SPOTLIGHT: Helen Pickett

Dancer, actress, and choreographer—Helen Pickett is a sensation in the world of ballet. For over a decade, she held the position of principal dancer in famed choreographer William Forsythe’s Ballet Frankfurt. Her newest piece, “Tsukiyo (Moonlit Night),” which was commissioned by Boston Ballet director Mikko Nissinen, considers the complexities of human interaction in the setting of a Japanese fairy tale. The Office for the Arts’ Dance Program will bring Pickett to campus today at 7 p.m. to discuss the upcoming world premiere of her piece, which debuts next Thursday.

The Harvard Crimson: Is there a general story or theme that plays out through “Tsukiyo?”

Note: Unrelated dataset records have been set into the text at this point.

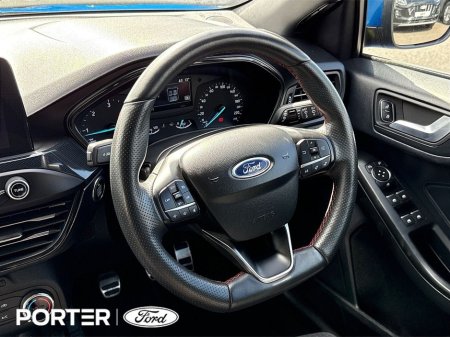 2020 Ford Focus - thumbnail 15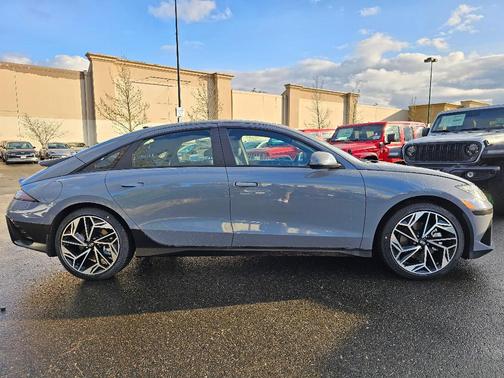 2025 Hyundai IONIQ 6 SEL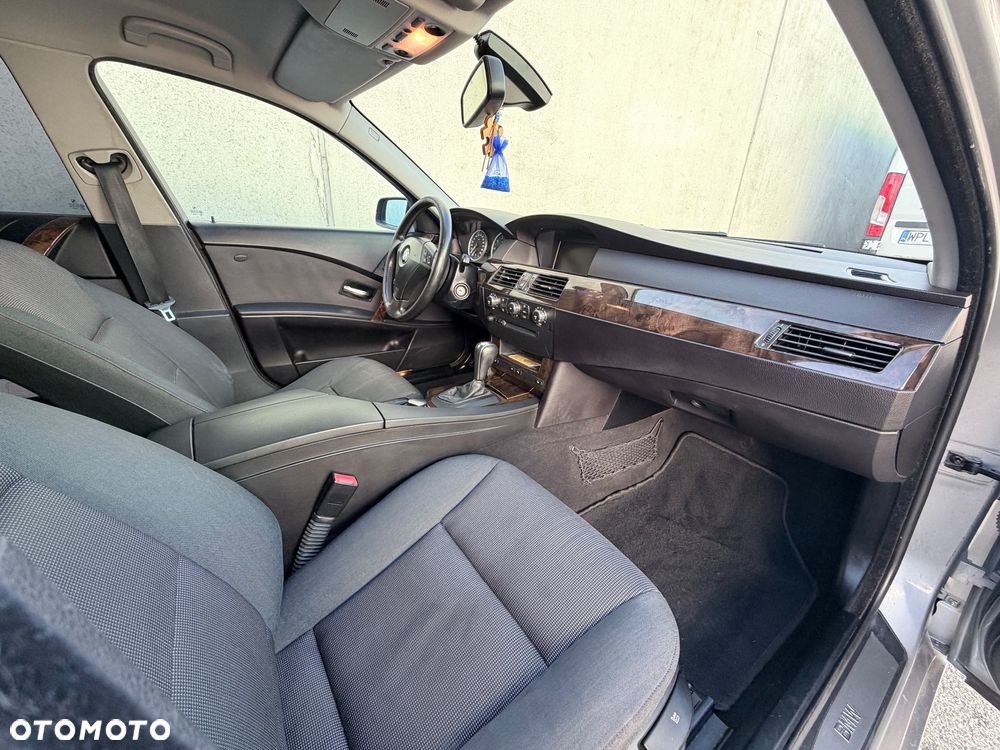BMW Seria 5 523i - 20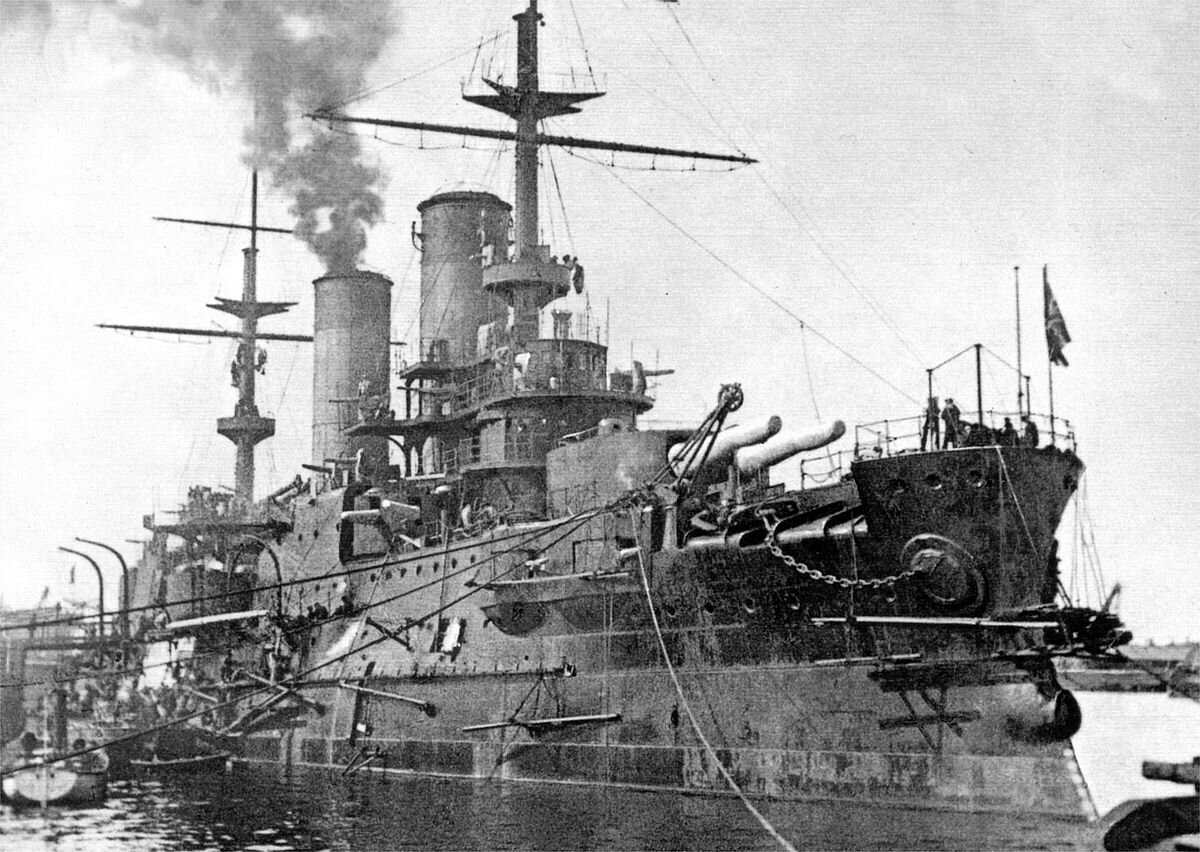 Броненосцы типа «Бородино». Если обратиться к истории Российского флота, наверное, нет явления более противоречивого, чем данные корабли. Цусима затмила все.-4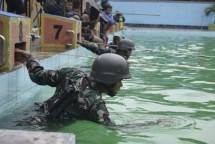 Prajurit Batalyon Roket 2 Marinir Surabaya Laksanakan Renang Militer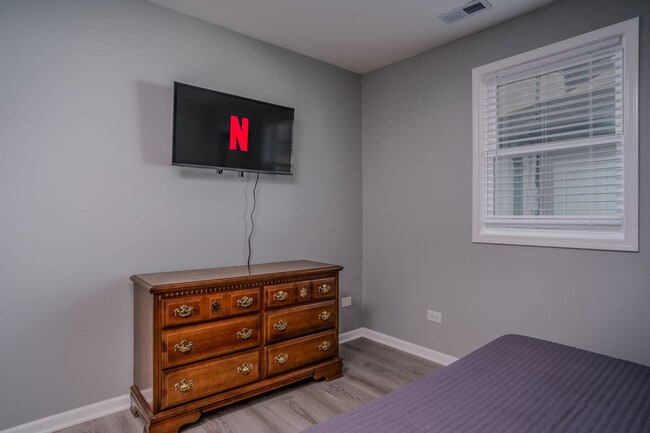 Building Photo - 3407 Venice Ave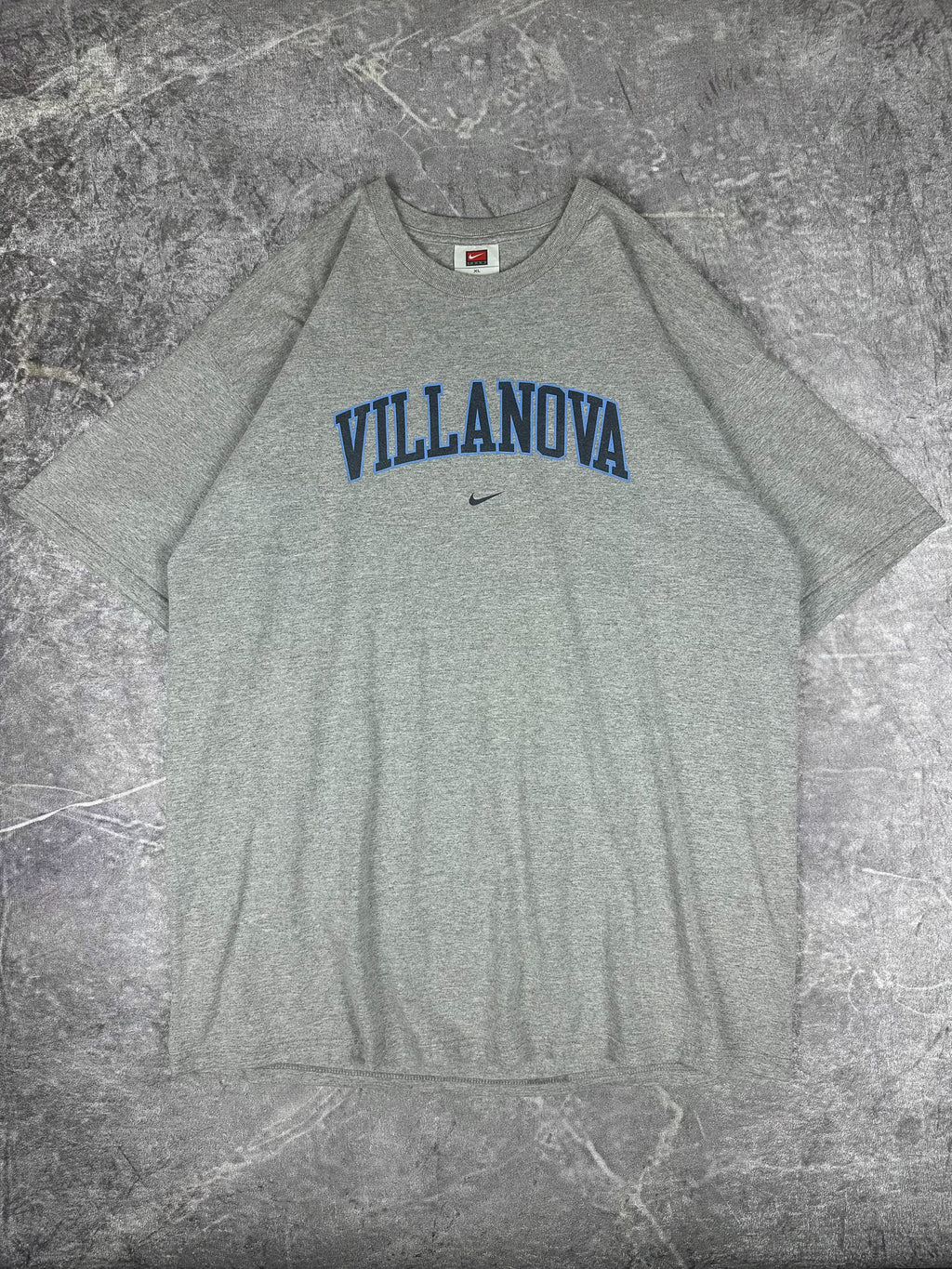 Vintage 00s Nike Team Villanova University Mini Centre Swoosh College T-Shirt (XL)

Helen Pickett: Mikko and I talked about a duet, and he expressed that he would like to have a Japanese theme to the duet. I went to a piece of music that I have liked for a very long time by Arvo Pärt, called “Sciegel im Sciegel,” and that’s the bulk of the duet.

I found this fairy tale called “The Woodcutter’s Daughter,” which I decided I liked the best, because it has an ethereal quality. I knew that I wanted to do a duet about relationships—the questions of, “‘How does someone approach someone else in any situation?” “What are the boundaries?” “How do people let each other in?” With the ethereal quality, there is a built-in boundary—there is one person who is going to be of this world and one person who is not of this world.

THC: In addition to being a performer and choreographer, you are also an actress and a dance teacher. Have acting and teaching added to your own style of dance and choreography in any way?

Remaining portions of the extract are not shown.